Danny Alexander warns an unstable minority government 'would cost us all dear'.

"As the market commentary makes clear, such an outcome would lead to higher costs of government borrowing, mortgage costs rising by at least an estimated £800 a year, and a weaker pound.

"That would be an economic disaster for Britain, and an insult to the massive effort and the many sacrifices made by millions of people and businesses who are powering our recovery.

We are the only party that can keep Britain in the centre ground, the markets happy and the recovery going."


Labour blast Tories over Jeremy Hunt's NHS admission

Andy Burnham said the Tories 'do not have a clue' where funding for the NHS is coming from. Credit: PA

Labour have blasted Jeremy Hunt after he admitted voters did not believe the Tories over the NHS.

Shadow Health Minister Andy Burnham said: "Jeremy Hunt has finally conceded what everyone knows to be true, you can't trust a word the Tories say on the NHS.

"The reason why they have a credibility problem is because they have a track record of failing to keep NHS promises.

"Last time out, they promised 'no top-down reorganisation' - but then brought forward the biggest in the history of the NHS.

"People won't believe David Cameron on the NHS at this election because they know he hasn't got a clue where the money is coming from. They know you can't fund the NHS on an IOU.

"While Labour has a better, fully funded plan to invest in the NHS, the Tories have a plan for extreme cuts which will see them cut the NHS."


Labour dip below 30% in poll for first time in campaign

Labour dropped below 30% in an opinion poll Credit: PA Wire

Labour has fallen below 30% in an opinion poll for the first time in the General Election campaign.

The poll for the Daily Mirror put Ed Miliband's party on 29% - down four points in comparison to a similar poll last week.

Meanwhile the Lib Dems jumped three points to 10% while the Tories dropped a point to 33%.

Ukip added one point to reach 18% - just one point short of their best rating of the election campaign, while the SNP remained unchanged on 4% and Greens gained one point to put them at 4%.

Meanwhile a survey for ITV's Good Morning Britain found just 16% of 1,500 voters polled said they knew who they would be voting for on May 7 while one in five, 21%, said said they were still "completely undecided".

Mandelson: Miliband has exceeded my expectations

Lord Mandelson said Ed Miliband has "way exceeded my expectations" and hailed the Labour leader's election campaign.

The former strategy chief and cabinet minister - who last month declined to positively endorse the party leader - said Miliband had confounded his critics and found the national "Zeitgeist".

Lord Mandelson has previously appeared unenthusiastic about Ed Miliband.
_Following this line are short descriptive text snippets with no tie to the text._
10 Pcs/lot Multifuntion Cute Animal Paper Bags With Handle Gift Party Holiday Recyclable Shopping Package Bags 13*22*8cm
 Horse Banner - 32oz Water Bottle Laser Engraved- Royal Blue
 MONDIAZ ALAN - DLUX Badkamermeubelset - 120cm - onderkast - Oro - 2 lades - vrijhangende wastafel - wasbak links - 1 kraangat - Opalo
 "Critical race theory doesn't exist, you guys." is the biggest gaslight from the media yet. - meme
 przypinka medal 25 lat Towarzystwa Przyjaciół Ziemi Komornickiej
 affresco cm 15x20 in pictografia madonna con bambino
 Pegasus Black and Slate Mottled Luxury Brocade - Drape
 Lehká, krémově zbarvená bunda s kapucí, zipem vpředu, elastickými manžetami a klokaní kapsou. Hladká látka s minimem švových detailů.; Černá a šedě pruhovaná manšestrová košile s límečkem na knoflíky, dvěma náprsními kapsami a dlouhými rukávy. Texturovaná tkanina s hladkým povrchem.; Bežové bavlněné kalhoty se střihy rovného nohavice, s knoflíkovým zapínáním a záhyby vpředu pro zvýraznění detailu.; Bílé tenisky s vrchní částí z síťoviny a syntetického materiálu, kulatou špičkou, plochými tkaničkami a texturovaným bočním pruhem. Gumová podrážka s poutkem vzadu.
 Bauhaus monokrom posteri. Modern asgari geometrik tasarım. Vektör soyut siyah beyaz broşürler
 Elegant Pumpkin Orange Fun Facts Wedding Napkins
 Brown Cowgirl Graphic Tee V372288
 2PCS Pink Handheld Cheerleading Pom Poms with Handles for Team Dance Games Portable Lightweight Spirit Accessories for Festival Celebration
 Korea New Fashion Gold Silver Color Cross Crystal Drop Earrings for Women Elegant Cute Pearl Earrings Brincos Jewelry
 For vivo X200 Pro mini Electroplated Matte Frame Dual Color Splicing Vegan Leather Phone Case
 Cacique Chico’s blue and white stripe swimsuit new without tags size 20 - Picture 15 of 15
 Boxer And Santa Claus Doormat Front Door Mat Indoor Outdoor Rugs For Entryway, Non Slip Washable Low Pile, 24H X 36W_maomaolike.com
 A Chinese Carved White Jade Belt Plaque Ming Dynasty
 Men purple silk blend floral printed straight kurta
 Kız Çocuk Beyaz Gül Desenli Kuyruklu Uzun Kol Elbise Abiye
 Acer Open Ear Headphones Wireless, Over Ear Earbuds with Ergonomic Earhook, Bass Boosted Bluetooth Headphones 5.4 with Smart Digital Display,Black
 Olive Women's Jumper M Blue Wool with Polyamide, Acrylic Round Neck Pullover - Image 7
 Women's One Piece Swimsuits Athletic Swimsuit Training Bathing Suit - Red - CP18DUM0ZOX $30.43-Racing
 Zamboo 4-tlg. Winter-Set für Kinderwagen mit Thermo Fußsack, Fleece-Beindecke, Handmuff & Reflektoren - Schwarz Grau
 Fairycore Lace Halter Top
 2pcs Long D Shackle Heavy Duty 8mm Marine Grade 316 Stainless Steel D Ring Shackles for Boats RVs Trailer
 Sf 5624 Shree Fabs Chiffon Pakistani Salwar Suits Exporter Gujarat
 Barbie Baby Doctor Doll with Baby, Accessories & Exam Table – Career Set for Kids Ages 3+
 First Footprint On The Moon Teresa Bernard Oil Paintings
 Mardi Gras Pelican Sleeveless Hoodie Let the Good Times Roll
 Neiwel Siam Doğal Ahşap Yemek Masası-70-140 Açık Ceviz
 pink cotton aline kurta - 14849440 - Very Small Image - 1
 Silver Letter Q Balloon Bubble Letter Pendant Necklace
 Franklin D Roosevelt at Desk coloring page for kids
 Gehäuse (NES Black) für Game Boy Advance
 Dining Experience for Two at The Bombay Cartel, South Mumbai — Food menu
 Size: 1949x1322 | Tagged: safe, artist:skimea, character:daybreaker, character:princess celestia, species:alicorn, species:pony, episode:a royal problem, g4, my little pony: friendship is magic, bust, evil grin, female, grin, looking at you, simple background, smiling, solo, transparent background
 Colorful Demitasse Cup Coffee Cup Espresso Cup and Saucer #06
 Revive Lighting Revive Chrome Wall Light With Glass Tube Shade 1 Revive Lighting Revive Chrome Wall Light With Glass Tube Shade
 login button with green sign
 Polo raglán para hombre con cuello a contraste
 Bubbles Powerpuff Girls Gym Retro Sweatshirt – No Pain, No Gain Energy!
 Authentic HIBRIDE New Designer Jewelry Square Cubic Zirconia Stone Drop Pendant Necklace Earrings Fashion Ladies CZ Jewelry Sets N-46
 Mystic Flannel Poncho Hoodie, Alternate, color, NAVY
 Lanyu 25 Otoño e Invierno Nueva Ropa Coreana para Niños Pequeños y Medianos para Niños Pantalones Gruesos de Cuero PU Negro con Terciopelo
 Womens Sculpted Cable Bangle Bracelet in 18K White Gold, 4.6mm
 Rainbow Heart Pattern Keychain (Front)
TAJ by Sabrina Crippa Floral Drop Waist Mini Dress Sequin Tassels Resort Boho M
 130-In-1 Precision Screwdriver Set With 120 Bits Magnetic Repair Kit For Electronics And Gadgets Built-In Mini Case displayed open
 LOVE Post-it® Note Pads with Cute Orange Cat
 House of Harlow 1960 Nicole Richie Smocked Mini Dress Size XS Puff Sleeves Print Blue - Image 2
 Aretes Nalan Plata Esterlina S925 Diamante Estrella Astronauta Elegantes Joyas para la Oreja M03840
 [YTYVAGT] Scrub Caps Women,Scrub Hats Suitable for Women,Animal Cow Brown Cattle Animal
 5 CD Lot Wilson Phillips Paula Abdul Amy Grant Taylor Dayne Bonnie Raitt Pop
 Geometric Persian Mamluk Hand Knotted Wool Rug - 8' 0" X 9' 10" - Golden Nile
Credit: PA

"I started feeling at the end of last week that something had shifted," Mandelson told Channel 4 News.

"That the plates had moved and Labour has captured a Zeitgeist in this campaign and the most striking feature of it is what's happened to the two leaders.

"Miliband has moved forwards. He gained credibility. He's exceeded most people's expectations. I suppose in a sense mine as well. David Cameron on the other hand has moved backwards."

Asked in March whether the party would do better under another leader, the peer had stopped well short of an enthusiastic endorsement of Miliband.